◆ **What to produce**:
Only the lines from the line containing "1 Bedroom apartment for rent in Toronto" to the end of the material belong in the copy; set them down exactly, without pictures.
=== Begin Enclosure ===
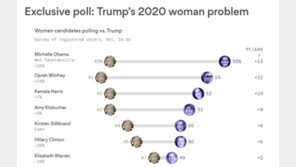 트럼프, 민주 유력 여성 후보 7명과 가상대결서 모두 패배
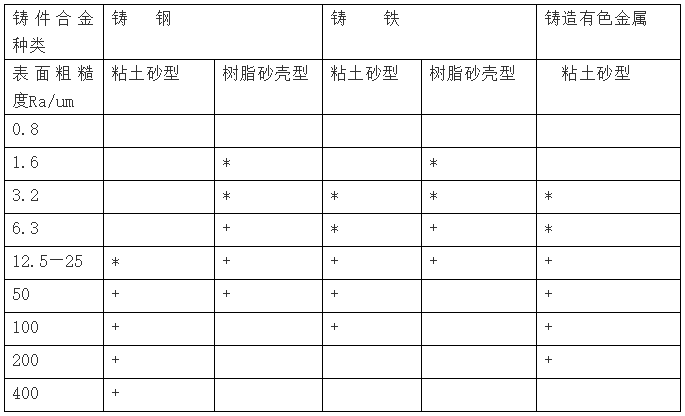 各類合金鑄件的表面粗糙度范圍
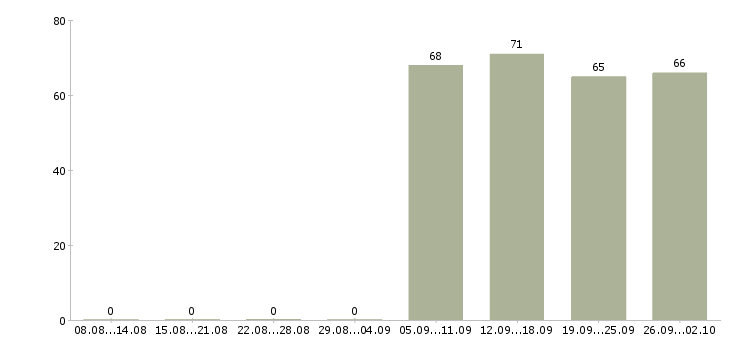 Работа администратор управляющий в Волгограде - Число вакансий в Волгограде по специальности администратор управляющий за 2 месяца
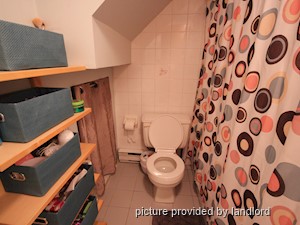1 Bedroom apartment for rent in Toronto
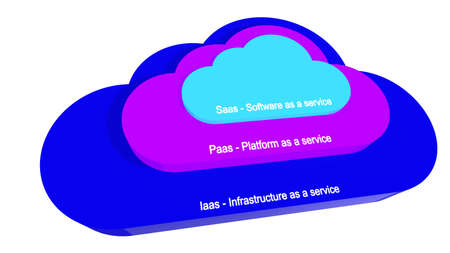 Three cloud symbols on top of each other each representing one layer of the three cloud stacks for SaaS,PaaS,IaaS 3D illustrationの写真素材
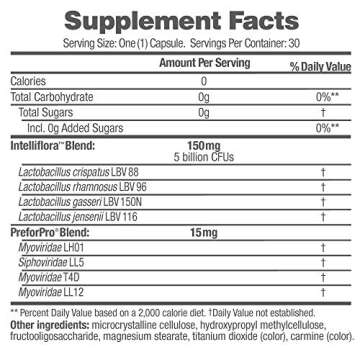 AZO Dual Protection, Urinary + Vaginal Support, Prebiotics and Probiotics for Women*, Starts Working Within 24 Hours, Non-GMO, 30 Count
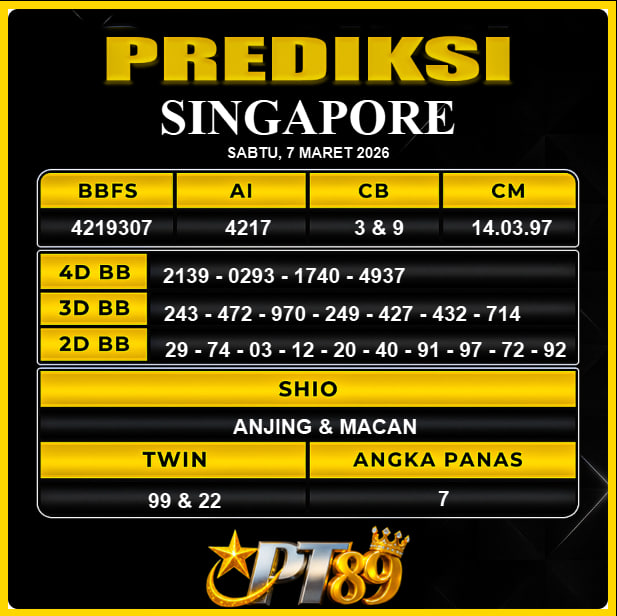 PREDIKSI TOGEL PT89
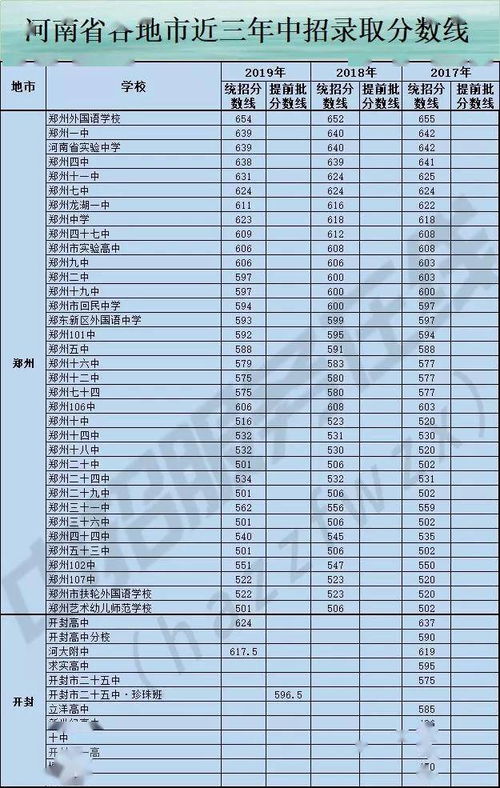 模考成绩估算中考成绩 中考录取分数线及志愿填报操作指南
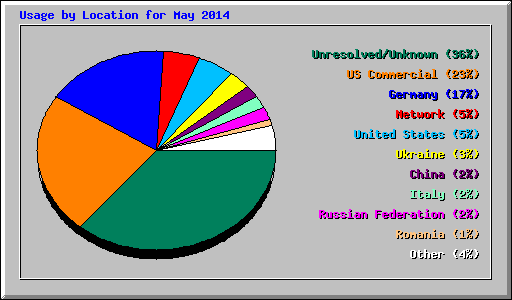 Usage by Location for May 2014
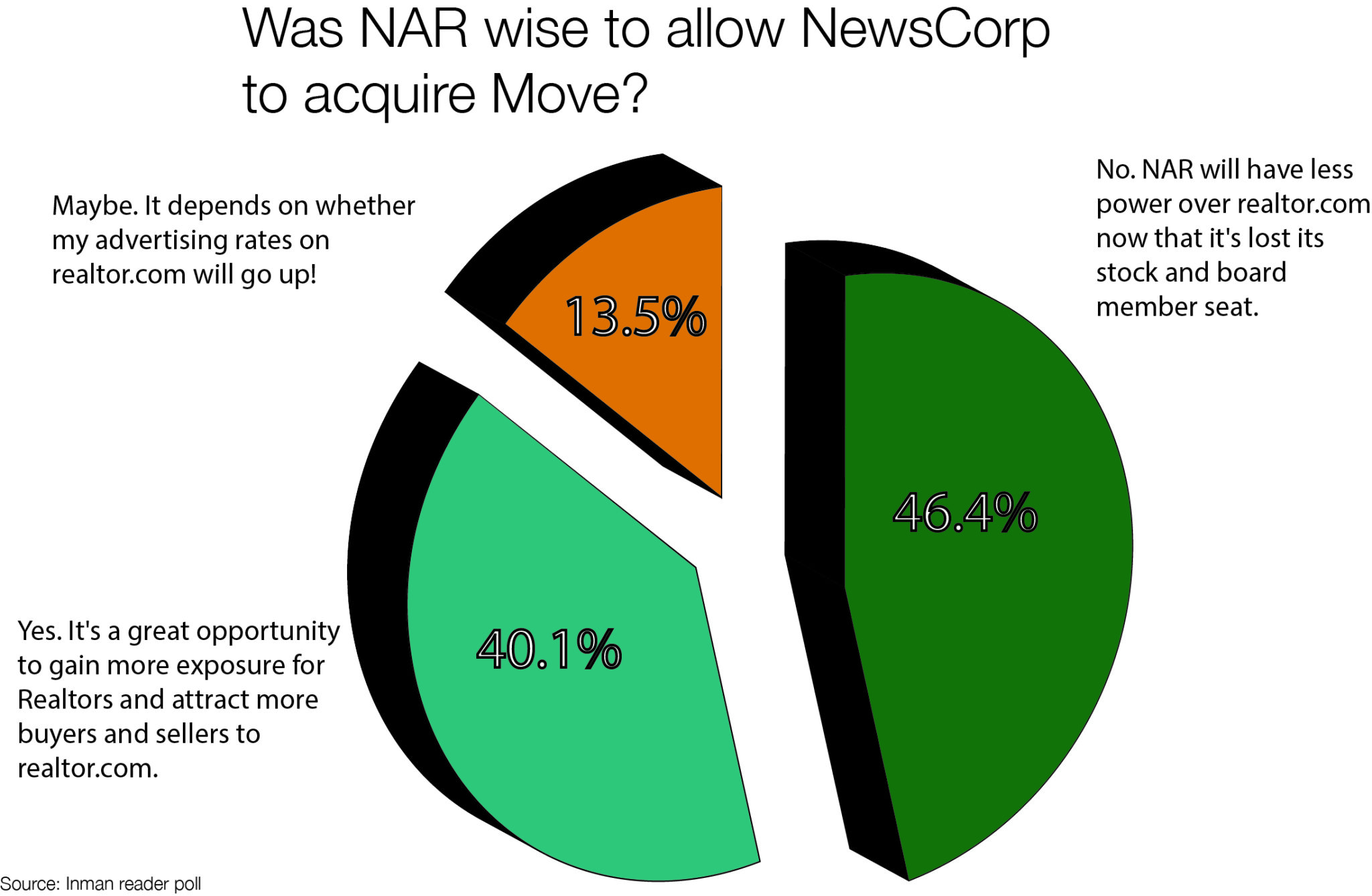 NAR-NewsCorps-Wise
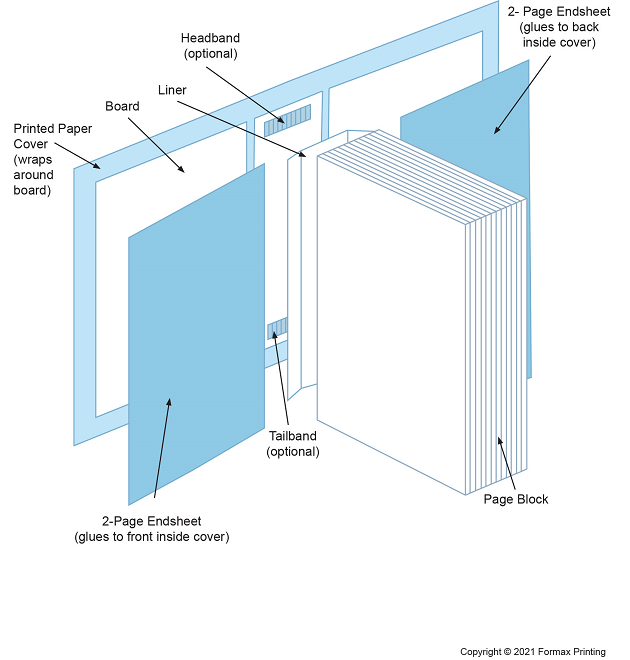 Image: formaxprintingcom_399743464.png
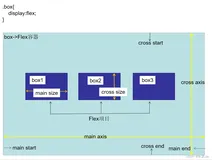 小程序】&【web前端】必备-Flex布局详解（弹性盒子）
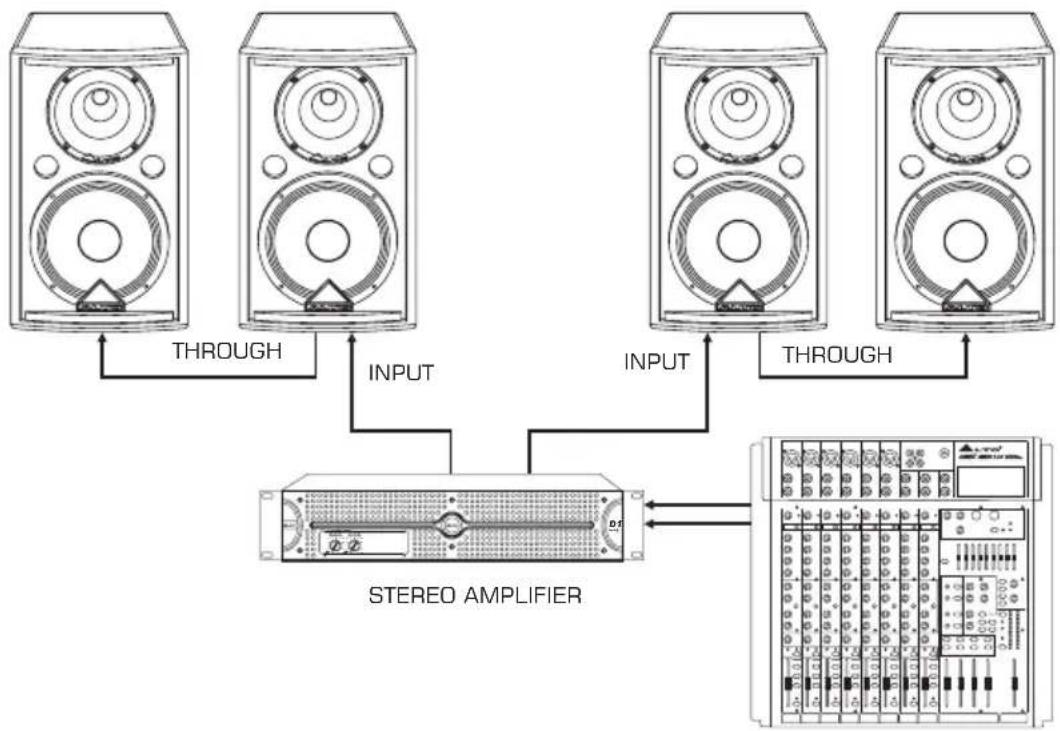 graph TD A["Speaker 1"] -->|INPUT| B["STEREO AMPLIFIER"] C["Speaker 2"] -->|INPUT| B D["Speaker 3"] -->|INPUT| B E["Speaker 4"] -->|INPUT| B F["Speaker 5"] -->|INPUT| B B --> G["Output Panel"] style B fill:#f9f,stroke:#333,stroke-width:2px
=== End Enclosure ===
◆ **Answer box**:
1 Bedroom apartment for rent in Toronto
 Three cloud symbols on top of each other each representing one layer of the three cloud stacks for SaaS,PaaS,IaaS 3D illustrationの写真素材
 AZO Dual Protection, Urinary + Vaginal Support, Prebiotics and Probiotics for Women*, Starts Working Within 24 Hours, Non-GMO, 30 Count
 PREDIKSI TOGEL PT89
 模考成绩估算中考成绩 中考录取分数线及志愿填报操作指南
 Usage by Location for May 2014
 NAR-NewsCorps-Wise
 Image: formaxprintingcom_399743464.png
 小程序】&【web前端】必备-Flex布局详解（弹性盒子）
 graph TD A["Speaker 1"] -->|INPUT| B["STEREO AMPLIFIER"] C["Speaker 2"] -->|INPUT| B D["Speaker 3"] -->|INPUT| B E["Speaker 4"] -->|INPUT| B F["Speaker 5"] -->|INPUT| B B --> G["Output Panel"] style B fill:#f9f,stroke:#333,stroke-width:2px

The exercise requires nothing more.